WHERE date_add(kdb_app_dc_rpe2.asof, interval(:dayofweek_1 -
dayofweek(kdb_app_dc_rpe2.asof))) < :date_add_1

Except for the double quotes that looks to be pretty close to what you
want. But then again rather than massaging that into place you may as
well build a text SQL from your bits, I guess. The above would also be
MySQL specific, I believe. (BTW I have not tried to run any of this,
this is just the output of the parsed statements.)

-sas


On Oct 5, 4:45 pm, Bryan Vicknair <bryanv...@gmail.com> wrote:
> On Tue, Oct 5, 2010 at 1:58 AM, Chris Withers <ch...@simplistix.co.uk> wrote:
> > Are you looking for something database agnostic or something that just works
> > for MySQL?
>
> > If the latter, look at text:
> >http://www.sqlalchemy.org/docs/core/tutorial.html#using-text
>
> > If the former, then you'll want a database agnostic implementation.
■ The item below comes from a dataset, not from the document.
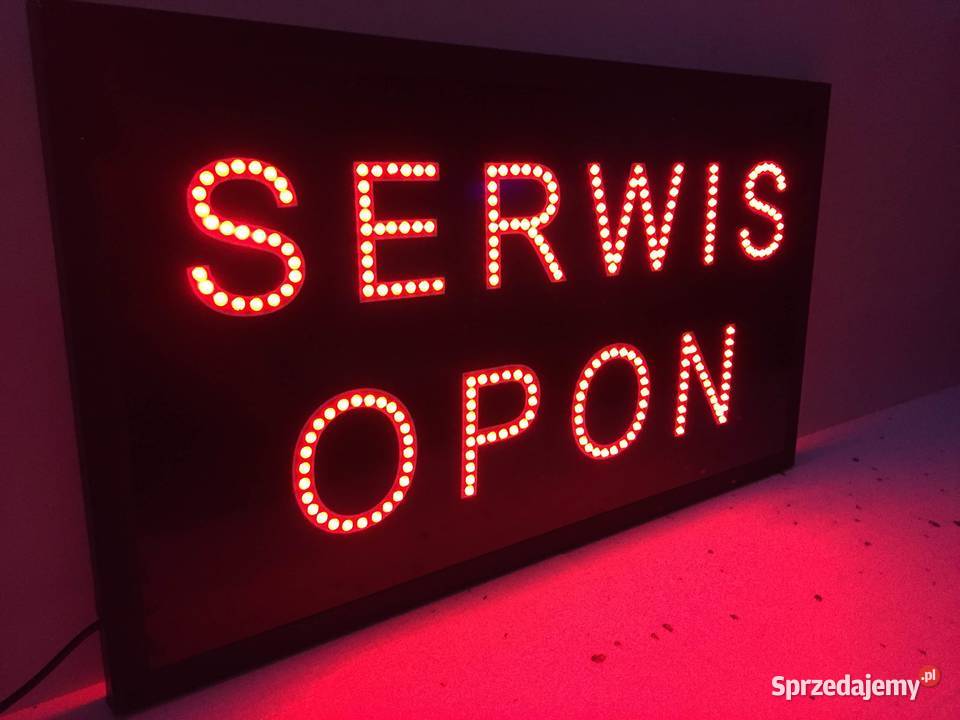 Reklama diodowa LED SERWIS OPON 80x40 zewnętrzna Pozostałe Pomiechówek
So,
> > what's the above sql actually trying to achieve?
>
> > Chris
>
> I'm fine with a MySQL-only solution.  The text construct is always the 
> fallback,
> but I'm wondering if there is a way that I can use the attributes of my class
> for the column name, instead of just a string.  My column names are going to
> change soon, but my object model will stay the same, so I am trying not to
> explicitly use the column names in my code.
>
> Can I do something like this?
> 'DATE_ADD(' + Class.dateAttr + ', INTERVAL(1 - ' \
>         + 'DAYOFWEEK(' + Class.dateAttr + ')) DAY)'
>
> If I can't use my class's attributes, is there a way I can at least use the
> table object's columns like this:
> 'DATE_ADD(' + table.c.date_col.name + ', INTERVAL(1 - ' \
>         + 'DAYOFWEEK(' + table.c.date_col.name + ')) DAY)'
>
> I prefer one of these to a string because I will get an error during testing
> when the statement is encountered.  With a string, I will only get an error if
> the statement actually runs in the DB.